Exclusive: PIC Commission's Gill Marcus was a Steinhoff ‘beneficiary’
CAPE TOWN – Public Investment Corporation (PIC) Commission of Inquiry assistant commissioner Gill Marcus is the executive director of the Knysna Initiative for Learning and Teaching (Kilt), a non-profit organisation (NGO) that has received donations from the Steinhoff Group.
The collapse of the Steinhoff Group has featured prominently in the commission’s hearings, as the PIC lost billions of rands of state pension fund investments through its shareholding in South Africa’s biggest corporate disaster.
The inquiry heard evidence from 77 witnesses over the past eight months, and is working to finalise its report for submission to President Cyril Ramaphosa by October 31.
On Tuesday, a businessperson who preferred to remain anonymous but who has been close to the inquiry, questioned why the commission never requested Steinhoff management to testify, while other companies were vigorously questioned for lengthy periods about much smaller investments made by the PIC.
The businessperson suggested that perhaps it was due to Steinhoff’s support of the NGO, because he alleged Marcus had become a “major beneficiary” of the Steinhoff Group.
The commission responded yesterday to say Marcus had made “full disclosure” of her interest in the NGO to the commission.
“The work she performs there is pro-bono; she does not receive any remuneration from it. Furthermore, the commitment made by Steinhoff is also detailed in the Kilt’s annual reports, which is publicly available,” the commission said.
Responding to a question why Steinhoff had not been asked to testify, the commission said that it was required to look into the question of impropriety on the part of the PIC.
“The PIC’s decisions to make further investment in Steinhoff was extensively covered in the testimony and cross-examination of Dr (Dan) Matjila and other PIC officials, as well as testimony and evidence related to the Lancaster Group,” the commission said.
Kilt was established in 2017 with Marcus’s assistance, with the aim of supporting 17 government schools in the Knysna area, by providing funding for additional teachers, assisting in projects to repair schools and to assist in funding education infrastructure.

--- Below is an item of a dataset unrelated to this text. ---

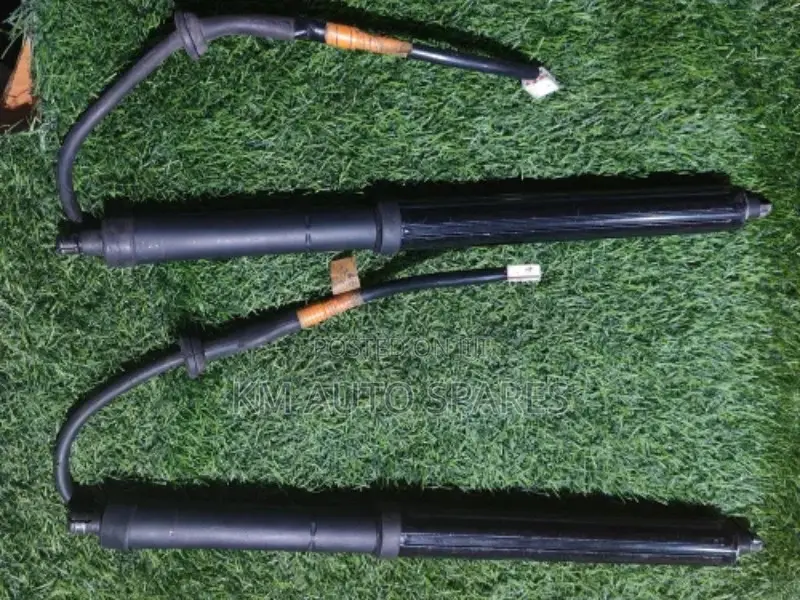 Toyota Fortuner Boot Shocks (New Model)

Its annual report shows that between January 2019 and December 2019, it had a budget of R24.7 million. Steinhoff donated R10.9m to the NGO during the 12 months ended February 28, 2018.
The report noted that the NGO had become dependent on Steinhoff, and there was uncertainty whether the group would continue donating to the NGO given its financial difficulties, even though Steinhoff had committed to continue its funding.
Matjila, the former chief executive of the PIC, testified before the commission that the asset manager had in 2016 leapt at an opportunity to raise its stake in Steinhoff when businessperson Jayendra Naidoo approached them with an opportunity to buy up to 3.5 percent of the shares in Steinhoff that carried special voting rights and a seat on the board. The PIC ended up acquiring a 3 percent stake in Steinhoff for R9.4 billion.
Matjila told the commission that they had wanted to get closer to the Steinhoff management structures, because the PIC had problems with the governance of the group, and had, for instance, voted against its primary listing in Frankfurt.
In addition, Steinhoff was the fifth biggest share on the stock exchange at the time, and the PIC was underweight in Steinhoff shares, Matjila said.
The special-purpose black economic empowerment vehicle set up for the share transaction, Lancaster 102, headed by Naidoo, has since started legal proceedings in a R12bn claim against Steinhoff.
Matjila said the PIC’s exposure to Steinhoff had represented less than 1 percent of the PIC’s assets, one of 300 securities in the PIC portfolio and the loss was “thoroughly cushioned”.